The DVD includes a Korean DTS track, plus Dolby Digital Korean 5.1 & 2.0. This is a film of little dialogue, and no action, the surrounds supporting the score and occasional sounds, such as wind or rain. The music supports the moods of the film beautifully - it is especially slow and haunting in the summer and winter sections, using a combination of choral, orchestral and Asian percussion and wind instruments. In the winter section, which runs for over 19 minutes, there is absolutely no dialogue. The music builds the mood throughout the sequence and finally supports the penance of the monk with a melody evoking longing and loss.
Spring, Summer, Autumn, Winter . . . and Spring is presented in an enhanced widescreen print in a ratio of 1.85:1. This is a very clear and clean print and the colours are spectacular yet totally natural. Remember the lake in "Hero" which was so incredibly blue as to appear surreal (which was the point of course). In Spring, Summer, Autumn, Winter . . . and Spring the surreal quality is not created by artificial colour enhancement but by the natural beauty and natural colours of the setting. In this film the lake is not blue but natural shades of green, which reflect the surrounding forests and hills. In winter, when the lake freezes over, it is not a pristine white, but shades of gunmetal grey. The trees through the seasons are also natural - greens in summer, yellows and reds in autumn. These trees which surround the lake are characters in their own right and are often shot in the foreground, framing the pavilion or activity on the lake.
Extra features are variable. The Behind the Scenes is 17 minutes of raw footage with music, but no interviews. The Director Interview is 3 minutes of Kim Ki-duk answering questions on set; it has very poor sound but is subtitled; the Premier Footage (9 minutes) is the premier press conference. There is also a trailer and a synopsis that consists of scrolling text (in Korean with subtitles) that lasts just under 1 minute.

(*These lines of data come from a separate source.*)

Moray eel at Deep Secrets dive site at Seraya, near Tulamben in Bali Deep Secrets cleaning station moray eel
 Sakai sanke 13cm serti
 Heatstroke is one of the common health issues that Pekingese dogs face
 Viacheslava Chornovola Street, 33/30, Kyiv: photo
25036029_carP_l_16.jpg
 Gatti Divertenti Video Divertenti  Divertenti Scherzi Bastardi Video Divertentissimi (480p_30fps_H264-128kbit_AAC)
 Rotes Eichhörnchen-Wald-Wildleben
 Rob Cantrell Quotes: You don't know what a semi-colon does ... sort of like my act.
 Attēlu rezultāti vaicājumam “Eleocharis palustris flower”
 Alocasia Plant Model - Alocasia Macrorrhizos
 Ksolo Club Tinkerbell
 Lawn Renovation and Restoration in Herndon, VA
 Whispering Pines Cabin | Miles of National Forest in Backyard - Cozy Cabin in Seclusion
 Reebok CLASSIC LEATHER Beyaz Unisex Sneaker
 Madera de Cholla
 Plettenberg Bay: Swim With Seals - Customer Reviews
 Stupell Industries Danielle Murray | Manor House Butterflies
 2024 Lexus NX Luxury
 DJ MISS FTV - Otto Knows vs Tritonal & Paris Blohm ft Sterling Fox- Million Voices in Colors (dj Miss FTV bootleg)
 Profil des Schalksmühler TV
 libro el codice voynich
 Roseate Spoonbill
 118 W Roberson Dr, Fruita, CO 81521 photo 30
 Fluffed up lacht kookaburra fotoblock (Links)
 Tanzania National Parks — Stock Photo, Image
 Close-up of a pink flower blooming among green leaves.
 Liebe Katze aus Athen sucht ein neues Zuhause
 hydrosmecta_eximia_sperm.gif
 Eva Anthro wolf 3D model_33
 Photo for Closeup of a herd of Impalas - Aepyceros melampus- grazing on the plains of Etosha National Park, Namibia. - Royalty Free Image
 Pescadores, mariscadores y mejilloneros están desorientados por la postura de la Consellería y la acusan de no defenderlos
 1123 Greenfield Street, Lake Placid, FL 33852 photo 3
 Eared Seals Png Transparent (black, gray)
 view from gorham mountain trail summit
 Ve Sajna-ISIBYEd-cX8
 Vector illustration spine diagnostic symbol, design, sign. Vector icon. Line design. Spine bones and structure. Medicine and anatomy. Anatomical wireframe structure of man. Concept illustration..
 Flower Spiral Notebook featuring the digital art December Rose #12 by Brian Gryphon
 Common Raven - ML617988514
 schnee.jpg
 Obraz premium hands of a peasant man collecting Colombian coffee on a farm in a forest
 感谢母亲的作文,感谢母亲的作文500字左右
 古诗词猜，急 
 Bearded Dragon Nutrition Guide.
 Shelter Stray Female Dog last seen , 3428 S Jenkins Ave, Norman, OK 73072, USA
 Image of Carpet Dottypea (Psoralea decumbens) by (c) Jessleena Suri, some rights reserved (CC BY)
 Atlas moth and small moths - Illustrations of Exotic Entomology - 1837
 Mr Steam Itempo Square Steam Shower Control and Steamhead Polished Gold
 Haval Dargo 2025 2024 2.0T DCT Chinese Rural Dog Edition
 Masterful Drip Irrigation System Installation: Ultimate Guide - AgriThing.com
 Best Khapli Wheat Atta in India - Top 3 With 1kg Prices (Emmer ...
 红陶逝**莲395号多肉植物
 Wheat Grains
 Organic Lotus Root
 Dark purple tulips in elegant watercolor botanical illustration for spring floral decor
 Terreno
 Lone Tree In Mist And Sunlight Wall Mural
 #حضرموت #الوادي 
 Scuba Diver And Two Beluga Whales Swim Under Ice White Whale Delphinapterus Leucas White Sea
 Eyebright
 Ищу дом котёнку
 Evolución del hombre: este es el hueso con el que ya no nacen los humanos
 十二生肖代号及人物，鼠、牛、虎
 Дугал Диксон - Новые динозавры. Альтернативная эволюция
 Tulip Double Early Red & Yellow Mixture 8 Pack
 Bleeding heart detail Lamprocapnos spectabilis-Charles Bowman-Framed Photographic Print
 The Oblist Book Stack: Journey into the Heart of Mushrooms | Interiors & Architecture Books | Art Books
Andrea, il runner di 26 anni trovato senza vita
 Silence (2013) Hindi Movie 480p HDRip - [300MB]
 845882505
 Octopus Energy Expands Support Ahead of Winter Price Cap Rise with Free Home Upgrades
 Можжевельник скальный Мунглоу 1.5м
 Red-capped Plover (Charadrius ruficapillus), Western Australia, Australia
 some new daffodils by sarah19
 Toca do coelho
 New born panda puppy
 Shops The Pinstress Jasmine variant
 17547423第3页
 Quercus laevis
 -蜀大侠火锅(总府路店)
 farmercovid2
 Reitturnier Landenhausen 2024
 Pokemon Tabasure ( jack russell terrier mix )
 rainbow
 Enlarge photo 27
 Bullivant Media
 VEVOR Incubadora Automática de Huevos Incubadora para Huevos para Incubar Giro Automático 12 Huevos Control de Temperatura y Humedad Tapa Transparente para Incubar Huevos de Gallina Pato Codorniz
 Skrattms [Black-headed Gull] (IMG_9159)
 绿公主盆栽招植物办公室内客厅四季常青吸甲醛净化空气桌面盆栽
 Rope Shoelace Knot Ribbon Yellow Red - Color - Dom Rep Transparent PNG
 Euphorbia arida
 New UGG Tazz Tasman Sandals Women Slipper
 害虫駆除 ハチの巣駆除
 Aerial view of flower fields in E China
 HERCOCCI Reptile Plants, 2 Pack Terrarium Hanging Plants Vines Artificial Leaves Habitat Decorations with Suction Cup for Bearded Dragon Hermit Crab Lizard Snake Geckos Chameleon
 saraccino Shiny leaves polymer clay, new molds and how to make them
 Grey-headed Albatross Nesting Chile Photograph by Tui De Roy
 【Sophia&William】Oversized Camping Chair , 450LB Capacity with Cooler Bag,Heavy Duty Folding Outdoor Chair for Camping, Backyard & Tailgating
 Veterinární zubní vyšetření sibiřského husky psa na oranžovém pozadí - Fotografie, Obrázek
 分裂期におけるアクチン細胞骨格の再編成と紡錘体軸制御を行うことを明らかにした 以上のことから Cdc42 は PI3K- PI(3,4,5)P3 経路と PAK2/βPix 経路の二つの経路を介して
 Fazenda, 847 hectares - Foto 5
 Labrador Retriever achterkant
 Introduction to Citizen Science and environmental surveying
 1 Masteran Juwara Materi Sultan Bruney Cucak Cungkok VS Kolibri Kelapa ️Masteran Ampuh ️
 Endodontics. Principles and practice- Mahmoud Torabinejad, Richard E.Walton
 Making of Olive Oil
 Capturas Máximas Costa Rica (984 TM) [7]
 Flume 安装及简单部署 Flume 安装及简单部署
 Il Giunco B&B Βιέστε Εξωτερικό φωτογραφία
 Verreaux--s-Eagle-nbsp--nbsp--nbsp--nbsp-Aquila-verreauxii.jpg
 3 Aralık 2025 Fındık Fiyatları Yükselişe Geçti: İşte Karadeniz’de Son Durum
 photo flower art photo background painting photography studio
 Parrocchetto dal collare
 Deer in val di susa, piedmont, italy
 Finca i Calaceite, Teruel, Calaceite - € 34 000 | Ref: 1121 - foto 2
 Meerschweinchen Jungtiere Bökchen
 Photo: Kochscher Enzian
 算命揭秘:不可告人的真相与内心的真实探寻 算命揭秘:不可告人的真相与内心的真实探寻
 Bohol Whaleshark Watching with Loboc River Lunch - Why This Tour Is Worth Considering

Spring, Summer, Autumn, Winter . . . and Spring is a hauntingly beautiful, spiritually intelligent and very satisfying film. As writer as well as director, not to mention the actor who plays the novice as adult, Kim Ki-duk brings an economy and clear vision to the film. Although Kim Ki-duk is better known for showing the violent and cruel side of Korean life, as in films like Seom, Bad Guy and Samaria, in Spring, Summer, Autumn, Winter . . . and Spring he has crafted a film that is thoughtful, quiet, never dull and stunning to look at. A masterpiece.